Teenagers are driving cars like they stole them (which they did). They’re crashing into homes and innocent motorists all over town. Minority students in the city’s public schools are functionally illiterate. Madison families are sending their kids to suburban schools or private schools in town, like Edgewood high school. What is the City of Madison’s response? They’re afraid a girls’ soccer game might break out at that Catholic high school.

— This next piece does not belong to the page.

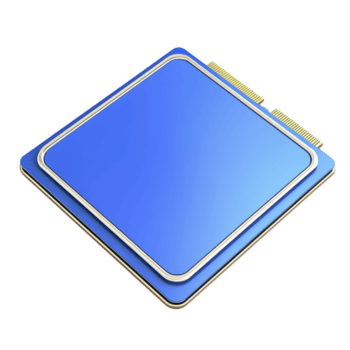 blauw computer bewerker met goud connectoren is afgebeeld, presentatie van modern technologie en innovatie. strak ontwerp benadrukt haar rol in berekenen en elektronica png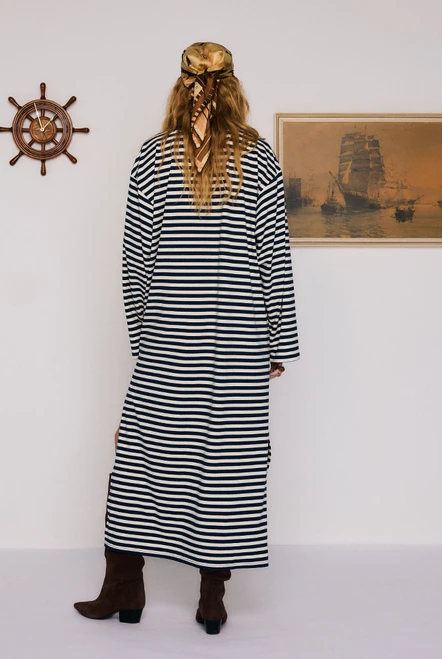 Stripe Long Sleeve Midi Dress in Blue Cream Stripe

Nothing in Edgewood high school’s master plan specifically allows competitive girls soccer, the pecksniffs on the Madison Plan Commission have decreed. The city arbiters are kowtowing to the well heeled and politically correct inhabitants of the Monroe-Dudgeon neighborhood. These good liberal/progressive/socialists are fighting Edgewood’s proposal to install spectator stands, bathrooms, lights and sound to its athletic field so that school sports teams can play on their home field like everyone else. The WI State Journal reports that over 100 people, most of them NIMBYs, spoke at Monday night’s (08-26-19) seven-hour plan commission meeting. As is customary in city politics, the commission came to no conclusion.
Fun for the whole family!
Blaska Policy Werkes concludes there are worse things than a two-hour high school football game on a Friday night where maybe one thousand fans attend. Things like kids stealing cars right out of your garage. Given that the even-tonier University Heights neighborhood abuts Camp Randall field where 80,000+ Badger football fans revel all day long and into the night, especially after night games. Drinking beer and Jello shots, unlike high school sporting events.
Edgewood has brought suit in federal court alleging religious discrimination, given that public high schools like Madison Memorial play on their home fields while Edgewood is forced to play all its games as away games. That lawsuit and the Jarndyce v Jarndyce saga with city planning is running up the school’s legal bills.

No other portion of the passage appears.